Manuscripts/Mixed Material Interview with Ambassador Nelson Ledsky
So during my college years, I drifted to the social sciences, beginning with a couple of history and international relations courses that I took almost by accident. I was fascinated by their content and I did extremely well in memorizing material and conceptualizing it; I liked those course. I had one or two rather inspirational teachers who made the material very interesting. So, by the third year, I changed my major to history, working under a professor by the name of Donald Barnes, the chairman of the history department. He was a strange, but fascinating man, who was known for having written a history of the Cornwalls of England. He had come from the West Coast; he was a bachelor. He took a liking to me. I participated in some small classes that he led and he inspired me. I had another professor by the name of Holtz who taught political science. He had been a student of Professor Hans Morgenthau, a leading political science figure in those days. Holtz was a terrific lecturer and a vigorous defender of the real politik school of thought. He was by far the best political science instructor at Western Reserve University. He also took a liking to me and I took three courses from him in my junior and senior years. He, and perhaps the history department as well, managed to get me a scholarship to the Western Reserve graduate school for an additional year of studies.
I took the scholarship, which lasted about a semester and a half. I took another five or six additional history courses during that time. My work was not intended to lead to a master's degree, but allowed me to become more deeply immersed in history; it was a post-baccalaureate work. I graduated in January, 1951 and spent the rest of that year at Western Reserve taking these additional courses. That was a seminal year for me for two reasons: my father died in April and I got married in August.

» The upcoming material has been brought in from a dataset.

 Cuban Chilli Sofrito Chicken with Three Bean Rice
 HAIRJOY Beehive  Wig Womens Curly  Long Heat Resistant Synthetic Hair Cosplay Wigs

My new wife and I decided that it was time to leave Cleveland. I was offered a partial scholarship by Columbia University in New York. It was provided to me so that I could begin to work on a Master's Degree starting in the fall of 1951.
Q: Let me briefly return to your interest in Zionism. Did that continue when you began college?
LEDSKY: Yes. During most of my college years, I was involved in the Zionist movement. I joined Habonim, an organization that I believe still exists today. It is the labor Zionist youth organization affiliated with the Ben Gurion party in Israel. For a period, before I dropped out of the organization in 1950 or 1951, I was the president of the Cleveland chapter. Our most intense activity period was between 1946 and 1948, when the state of Israel was established. I spent a lot of time during those two or three years working for Habonim. A number of my friends went to live in Palestine during this period. They went there after a training period in New Jersey. Some still live there; some of them returned to the U.S. I briefly contemplated joining them, but by then I had met Cecile, who was also a member of Habonim for a brief time, and other priorities loomed. She was not interested in moving to Israel. After 1948, my interest in that organization waned slowly until I finally left the organization before graduating from college.